After this issue goes to press, I am due to meet the Food Standards Agency for lunch. So what will I be talking about as I pick, nervously, over my strangely discoloured food? I suspect, as well as our calorie-count story from last month, this week's satfat proposals (see p4) will feature. And you may be surprised to hear I find some of them really quite sensible.

I am pleased low-fat ice creams and Cheddars can now be called ice cream and Cheddar. I also believe reduced portion sizes on snack foods are a good idea: while 'Big Eat' crisp packets and 'Duo' confectionery bars offer better value, for example, like a number of 'sharing' products coming into the market, it's an easy excuse to sell more product and encourage the consumer to binge. See: this magazine is independent.

On the other hand, the FSA has arrived woefully late, and still very half-heartedly, at the idea of portion control. In its obsession with purely notional 100g measures (which are 'scientific' only in so far as they provide a constant), a great deal of time and money has been wasted without getting to the heart of the matter: that obesity is caused predominantly by people eating and drinking too much.

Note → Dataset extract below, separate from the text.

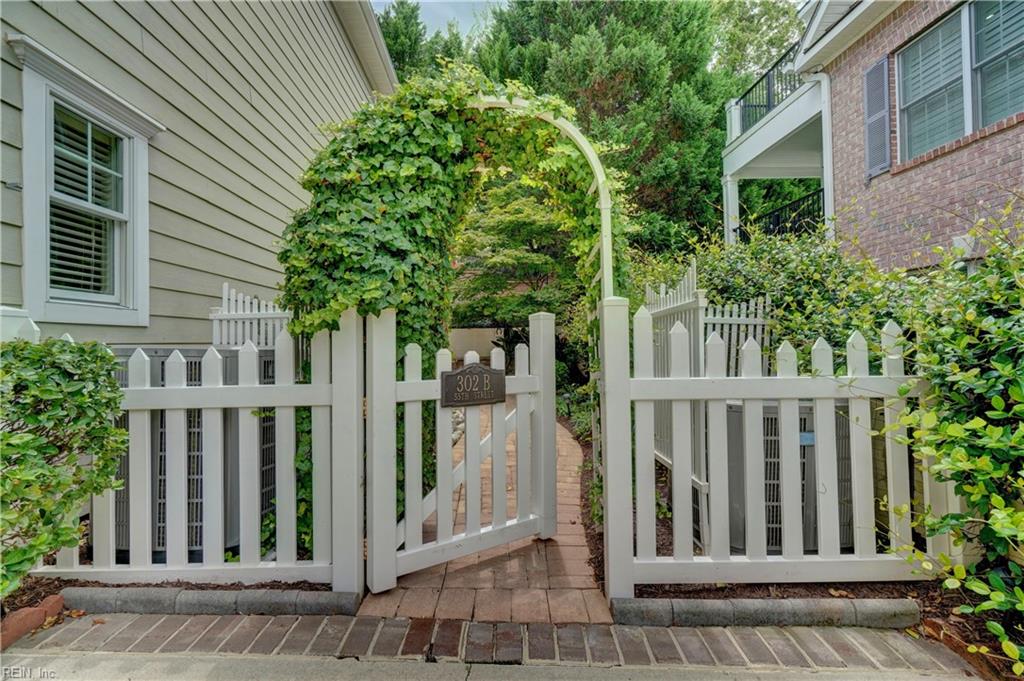 302 55th Street B, Virginia Beach, VA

Government, the FSA and the industry haven't done enough to stop this. That why I support the IGD's attempts (The Grocer, 28 November) to put consistent portion-based information and portion sizes at the heart of future labelling and NPD. Only last week I bought a Sharwood's meal kit and, while I could find a breakdown of the fat, salt and sugar for 100g of each of the several dishes, I had to get out my calculator to work out how many calories I would consume if I ate half the contents.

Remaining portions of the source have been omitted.